May 1999 was an awful month for many Star Wars fans.

Star Wars Episode I: The Phantom Menace, the first movie in George Lucas’ prequel trilogy to his revolutionary Star Wars films, was hitting screens. It was getting thrashed by critics and disappointing many fans. I know, because I was among the critics thrashing and the fans disappointed.

At the time I had a job at an online entertainment magazine in Los Angeles. The critics’ screening was in San Francisco seven days before the release, but I loved these movies enough to think driving 350 miles was no price to pay. Afterwards a fellow editor and I drove back through the night, talking Episode I the whole time.

Gone were the charms of the original Star Wars. No mythic portent of a Luke Skywalker driving toward his destiny. Gone was the strut of a Han Solo. A quick mouth like Princess Leia’s couldn’t be found. In their place was a shiftless story, the awful acting of Jake Lloyd as proto-Darth Vader Anakin Skywalker, and the noxious pratfalls of Jar Jar Binks, an offense to race, comedy and special effects all at once.

By the time we arrived in Los Angeles, the shock of seeing a bad Star Wars film had morphed into an examination on the insanity of fandom. Why did anyone place such devotion to movies, TV shows, rock bands and sports teams when those things could not love you back? Was this our lot in life?

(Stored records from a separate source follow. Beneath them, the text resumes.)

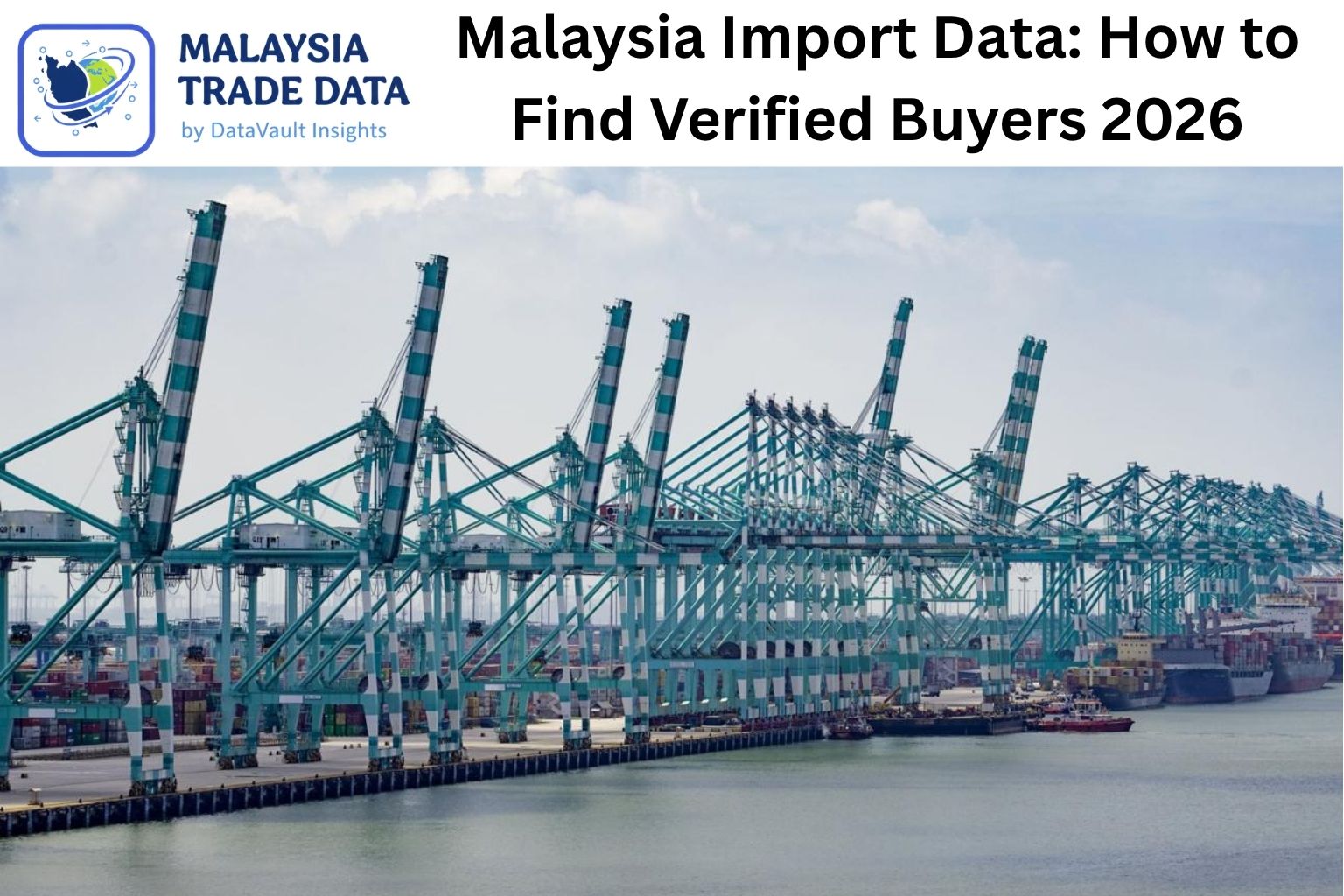 Malaysia import data 2026 - find verified buyers by HS code using Data Vault Insights customs and bill of lading data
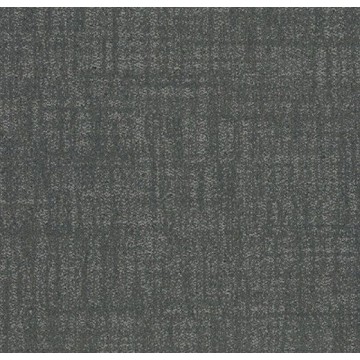 Tessera Perspective 3900 Sensory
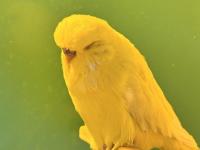 Jumbo muhabbet kuşu çifti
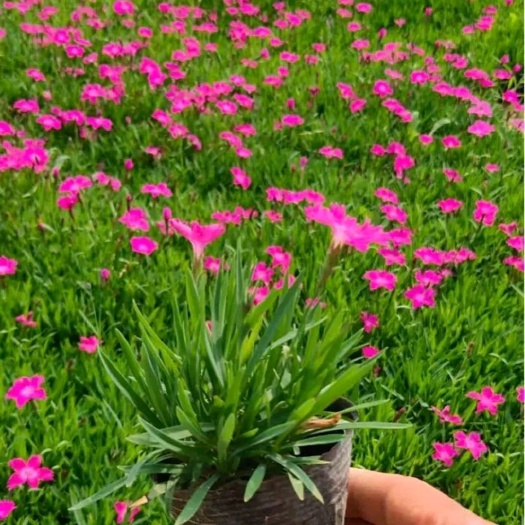 青州市青州欧石竹种植基地，大量现货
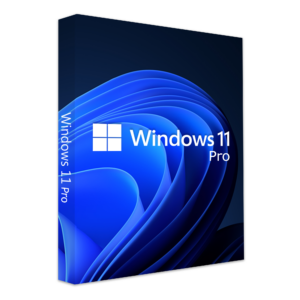 Microsoft Windows 11 Pro 64-bit DSP DVD retail pack with official branding and security holographic seal.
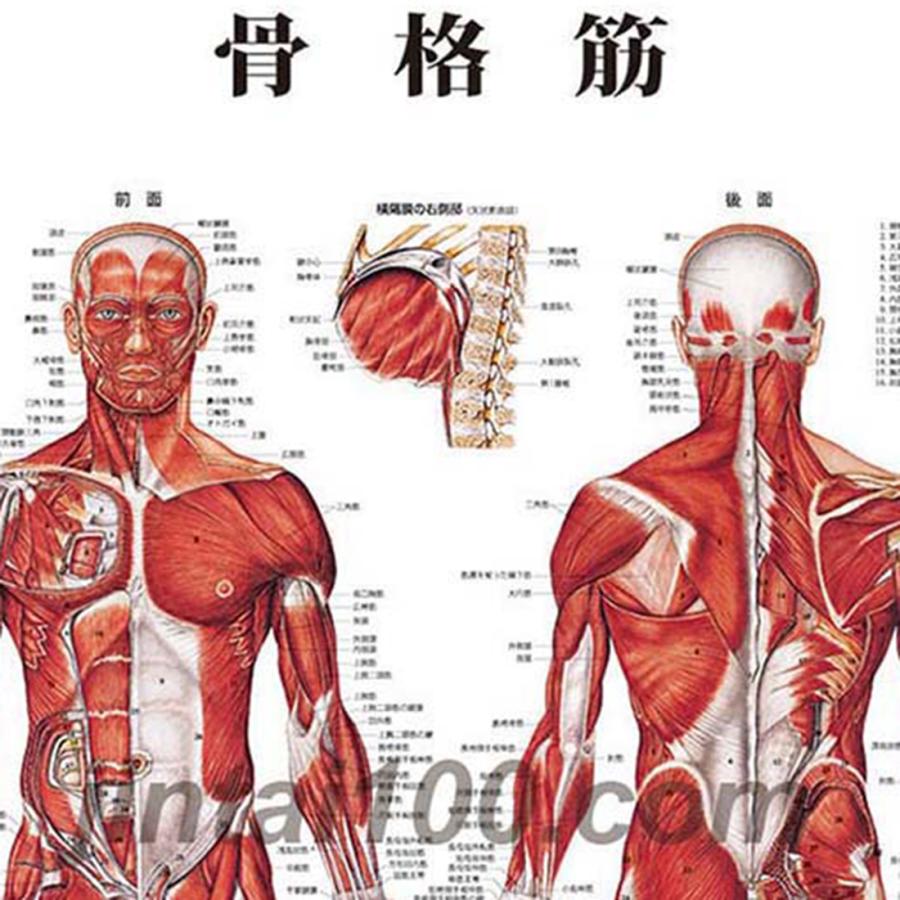 体の部位の名前 介護で役立つ「骨」の専門用語を人体図で紹介介護健康福祉のお役立ち通信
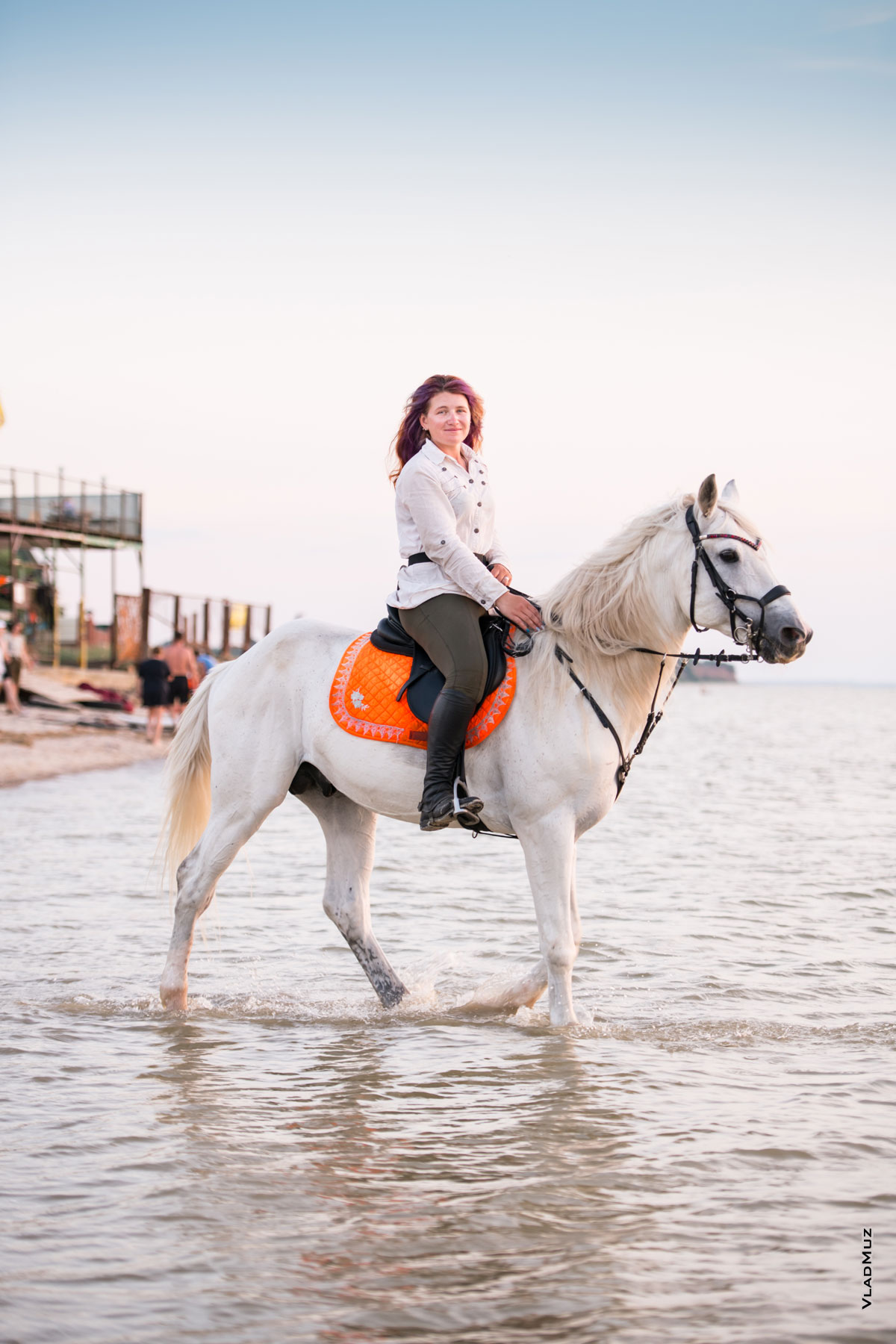 Фото девушки на белом коне, на берегу Азовского моря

We drove past Grauman’s Chinese Theater and saw the rabid fans camped out for tickets, sleeping with their plastic light sabers and chest-covering Darth Maul tattoos like kids on Christmas Eve.

Santa was coming with a lot of coal.

With a job covering Star Trek, The Matrix, The Simpsons and all things nerd, I was used to talking to geeks about the loves the rest of the world abused them for. Now I was wondering if I was a fool to love Star Wars as I did.

My non-fanatic friends tried to console me with “it’s just a movie.” The sentiment seemed false. Popular culture can mean a lot more than a fun night at the movies or a great summer read. If someone dismissed Casablanca or The Shawshank Redemption in the same way, I’d rightfully wonder if they knew anything about the heartbreak of struggle or the better parts of human nature. The Great Gatsby was a smash on the best-seller charts. Isn’t this why we have culture?

It’s a hard argument to make given the world Lucas’ success has wrought. When Return of the Jedi left screens in 1983 and the studios rushed in for those blockbuster dollars, most of what followed was nothing more than teen boy revenge fantasies. Enter the murdering robots of The Terminator, the gunmen of The Matrix and the vapid noise of Hollywood’s Michael Bay quarter.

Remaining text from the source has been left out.